◆ Work order
Nothing but the lines below from the one that contains "Отель House With" through the one that contains "Legenda Eva Romanová: Snad" should be retyped, exactly and including both ends. Do not include pictures.

◆ Provided data
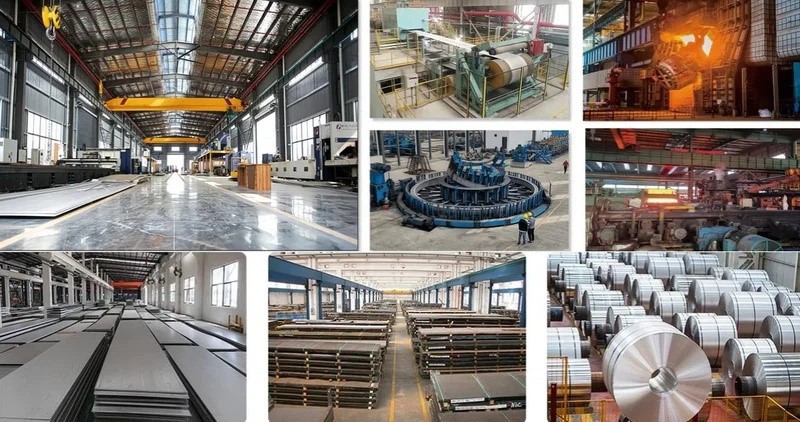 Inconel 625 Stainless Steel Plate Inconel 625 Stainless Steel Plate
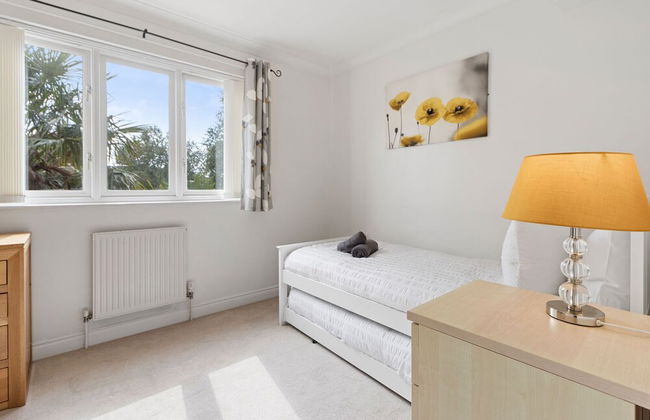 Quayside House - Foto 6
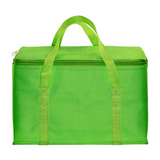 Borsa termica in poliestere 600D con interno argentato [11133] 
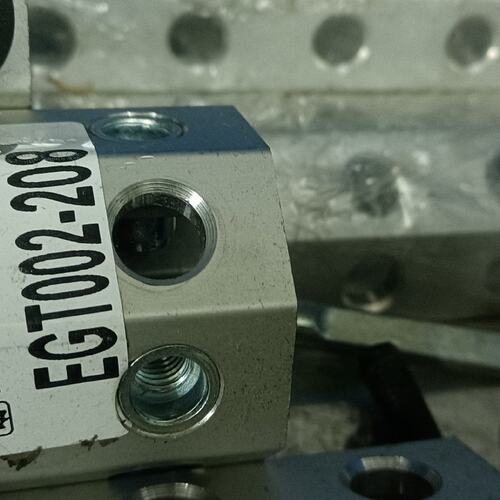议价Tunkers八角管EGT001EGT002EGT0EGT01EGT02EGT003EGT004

...

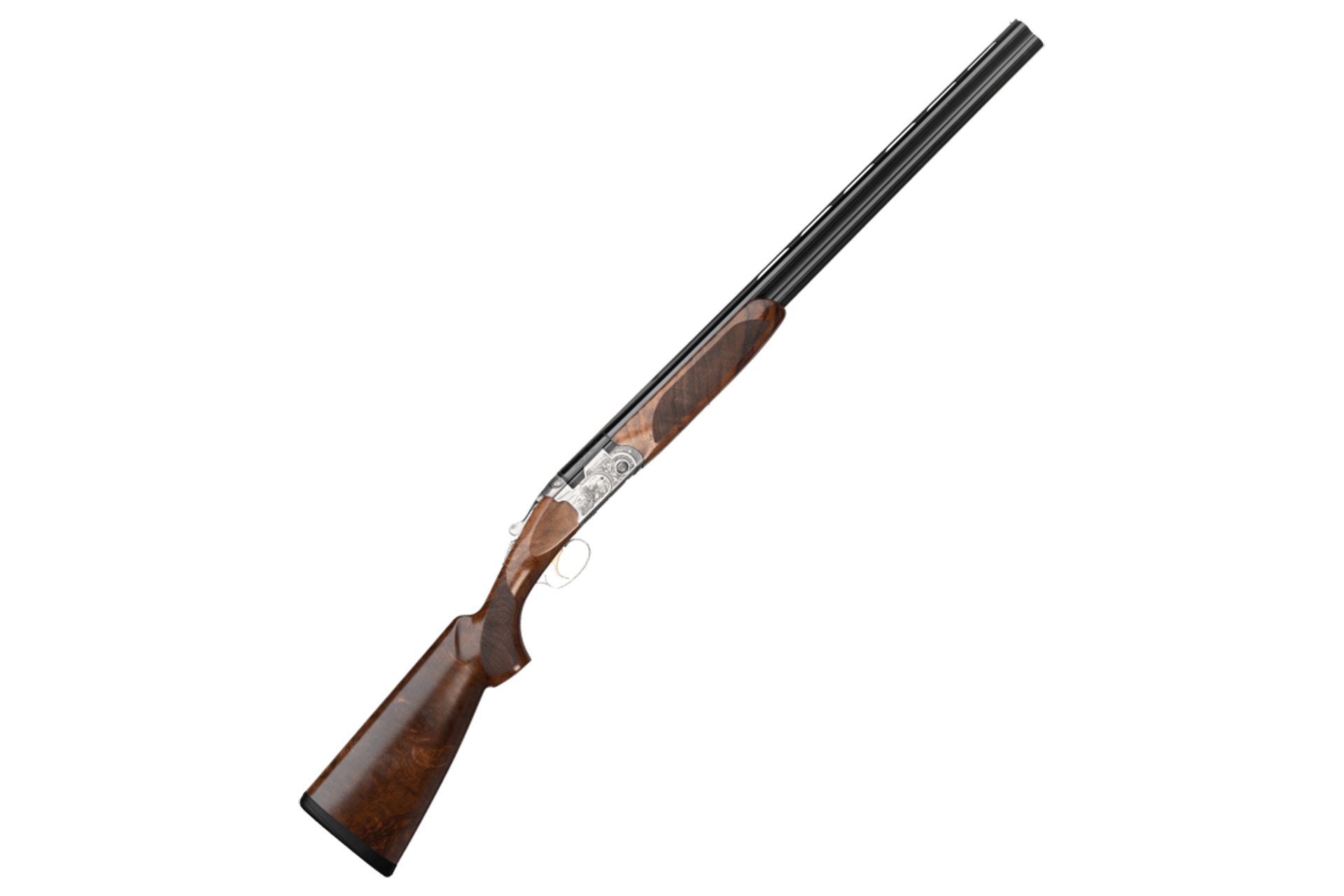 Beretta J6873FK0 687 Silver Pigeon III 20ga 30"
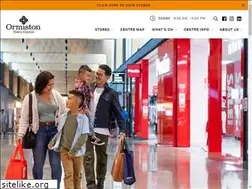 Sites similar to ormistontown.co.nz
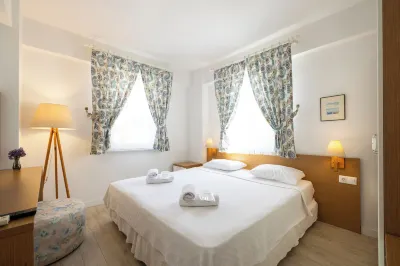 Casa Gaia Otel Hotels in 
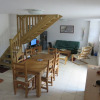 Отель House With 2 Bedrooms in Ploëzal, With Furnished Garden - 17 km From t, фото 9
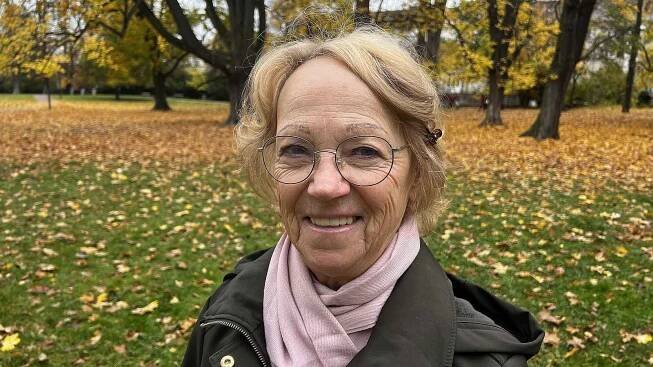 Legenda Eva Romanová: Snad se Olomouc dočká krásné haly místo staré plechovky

...

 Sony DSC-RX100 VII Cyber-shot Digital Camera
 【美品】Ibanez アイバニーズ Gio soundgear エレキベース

◆ Task output
 Отель House With 2 Bedrooms in Ploëzal, With Furnished Garden - 17 km From t, фото 9
 Legenda Eva Romanová: Snad se Olomouc dočká krásné haly místo staré plechovky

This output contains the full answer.